BERLIN — It started with an email in early 2015: “Hello, this is John Doe. Interested in data?”
“We are very interested,” replied a journalist in Munich.
The exchange resulted in internal documents from Mossack Fonseca — a Panama law firm that creates anonymous offshore companies around the world — being sent to staff at the Süddeutsche Zeitung, a large German daily. The newspaper had been involved in tax-haven investigations before.
The newspaper received about 2.6 terabytes (2,600 gigabytes) worth of information detailing how leaders, celebrities and athletes from around the globe acquired shell companies that can enable owners to cover up their dealings, and hide money.

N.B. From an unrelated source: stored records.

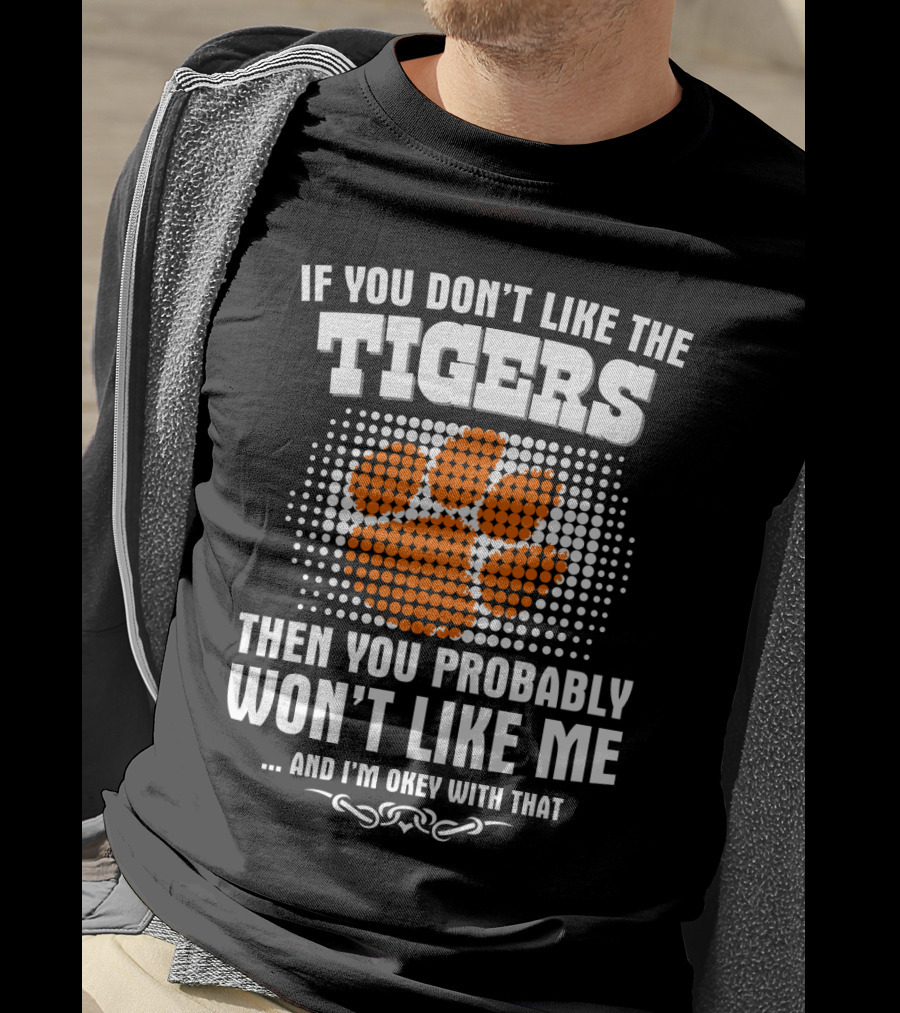 Clemson Tigers If You Don't Like The Tigers Then You Probably Won't Like Me T-Shirt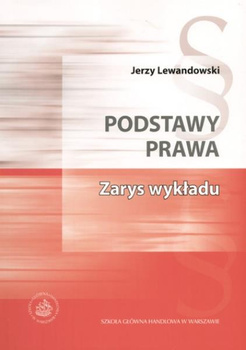 PODSTAWY PRAWA Zarys wykładu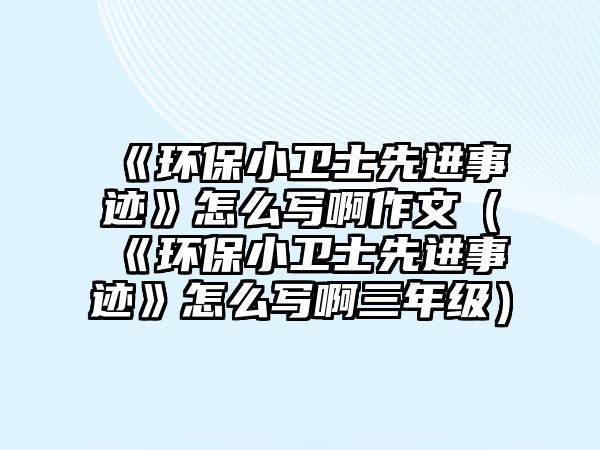 《環(huán)保小衛(wèi)士先進(jìn)事跡》怎么寫啊作文（《環(huán)保小衛(wèi)士先進(jìn)事跡》怎么寫啊三年級）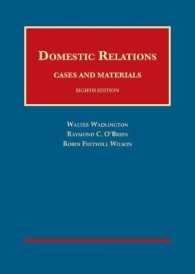 Domestic Relations, Cases and Materials (University Casebook Series) （8TH）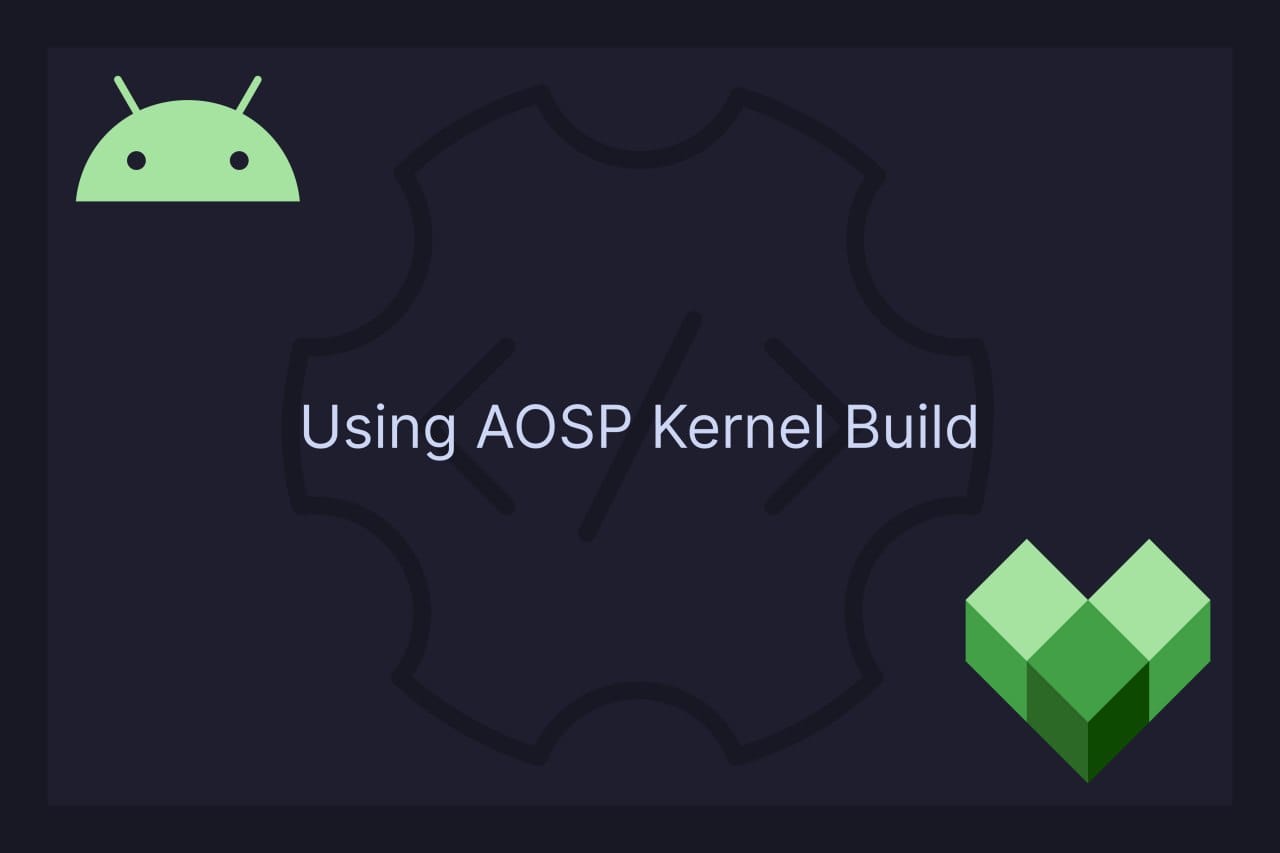 Using AOSP Kernel Build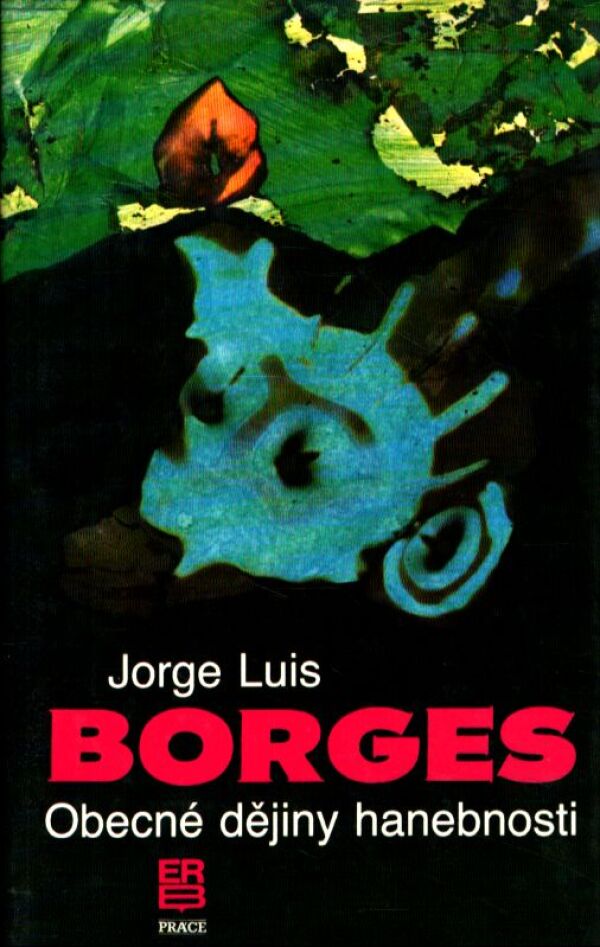 Jorge Luis Borges: OBECNÉ DĚJINY HANEBNOSTI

The newspaper, which described in an article how it acquired the trove of documents, said the source of the material wanted no financial compensation. The source asked only for encryption and other security measures: “There are a couple of conditions. My life is in danger. We will only chat over encrypted files. No meetings, ever. The choice of stories is up to you.”
Asked why the source was leaking the documents, the reply was: “I want to make these crimes public.”
“He said that they must be stopped,” the newspaper’s Bastian Obermayer, who was involved in the project, said in a video. “It’s rotten business they are doing.”
After receiving the data, the newspaper’s staff — realizing the 11. 5 million documents would be too much to take on for one newspaper, brought it to the Washington, D.C.-based International Consortium of Investigative Journalists (ICIJ).
In one case two years ago, a whistle-blower sold internal Mossack Fonseca data to German authorities. That data was much older and smaller in scope, the newspaper said. It addressed a few hundred offshore companies and led investigators to search the homes and offices of about 100 people.
In the end, major German banks including Commerzbank and Hypovereinsbank paid millions of euros in fines. Since then, other countries have also acquired data from the initial smaller leak, among them the United States, the United Kingdom and Iceland.
Still, the Panama Papers is the largest project by far for the newspaper. It involved around 400 journalists from more than 100 media organizations in over 80 countries, some of whom worked on the earlier tax haven stories, according to the newspaper.
The documents are primarily comprised of emails, pdf files, photo files and excerpts of an internal Mossack Fonseca database. It covers a period spanning from the 1970s to December 2015, according to the ICIJ.
“The sheer number of people we found in the data is becoming clear to us — dictators, Japanese mafia, Sicilian mafia, Russia mafia, weapons dealers, drug dealers, pedophiles,” the newspaper’s Frederik Obermaier, who also worked on the project, said in the video.
“You start to feel a little nervous when you realize that this one leak is going to expose them all, and that it all started at the Sueddeutsche Zeitung.”